The macro expansion of the above deﬁnition of dolist deﬁnes a procedure to

compute the macro expansion and installs that procedure on a macro property

of the symbol dolist. A typical macro pattern is a symbol followed by one or

more parenthesis expressions in which case the macro is attached to the initial

symbol. The pattern can also be a binary connective expressions such as x. >y.

In this case the macro is attached to the connective.

1.10 The Notebook IDE

Starting the kernel with the key C-M-s creates a running C process. When a cell

is executed with the command C-c C-c the text of the cell is (invisibly) passed

to Cprocess and a value returned y the process is printed inside a comment

below the cell. If a comment already occurs directly below the cell this comment

is replaced by a new comment containing the response of the REPL. As in a

Jupyter notebook, the values returned from the REPL are numbered so that

one can see when the cell was executed relative to other cell execution in the

notebook.
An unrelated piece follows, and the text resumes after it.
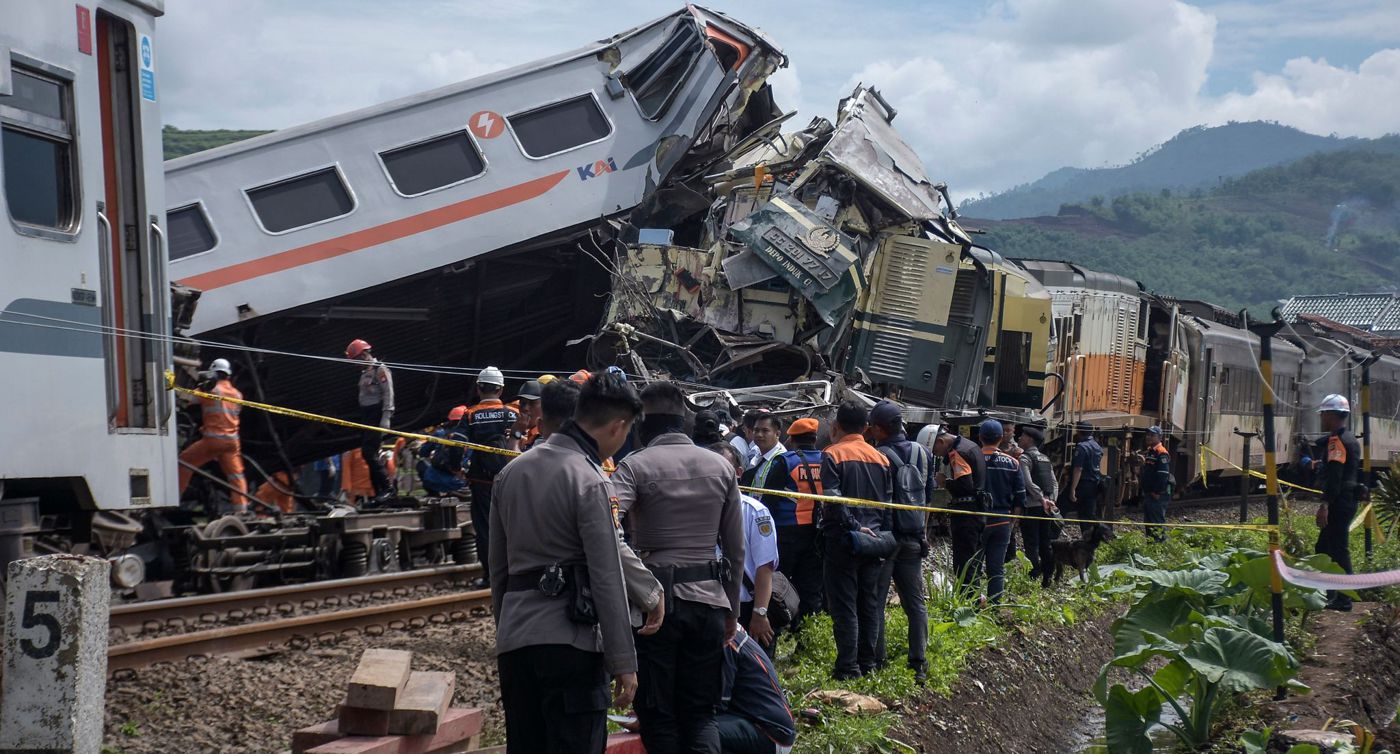 Kecelakaan kereta api serius di Indonesia – sedikitnya empat orang tewas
If C-M-s is run when a kernel is already running the kernel process

is killed and a new one started (as in a Jupyter notebook). When the kernel is

restarted the execution numbering is reset to start with 1. Changing a procedure

signature (argument and return types) requires restarting the kernel.

Cell Boundaries. A cell begins at any nonempty line whose ﬁrst character

is other than white space (space or tab), a close character ’)’, ’}’, or ’]’, or a

slash ’/’. The cell ends at the begging of the next non-empty line whose ﬁrst

character is other than white space or a a close character. Note that a comment

starting at the beginning of a line terminates a cell.

Compile-Time Errors. If an error occurs while attempting to read or compile

the cell expression an error statement is displayed — typically the output of the

C compiler — and an error message is printed in the code buﬀer as the value of

cell.

Run Time Errors and Breakpoints. The MetaC procedure berror(char

*) enters the gdb debugger. Typing the continue command to gdb will return to

the NIDE (or REPL) with the C process intact. MetaC primitives call berror

when safety checks fail. The MetaC procedure breakpt(char *) can be used

for breakpoints from which execution can be continued. When this procedure is

called gdb will be entered. Giving the continue command to gdb will continue

from the breakpoint.

Segmentation Faults. Segmentation faults, and other types of errors, are

trapped by gdb directly. In this case the NIDE will enter the gdb debugger.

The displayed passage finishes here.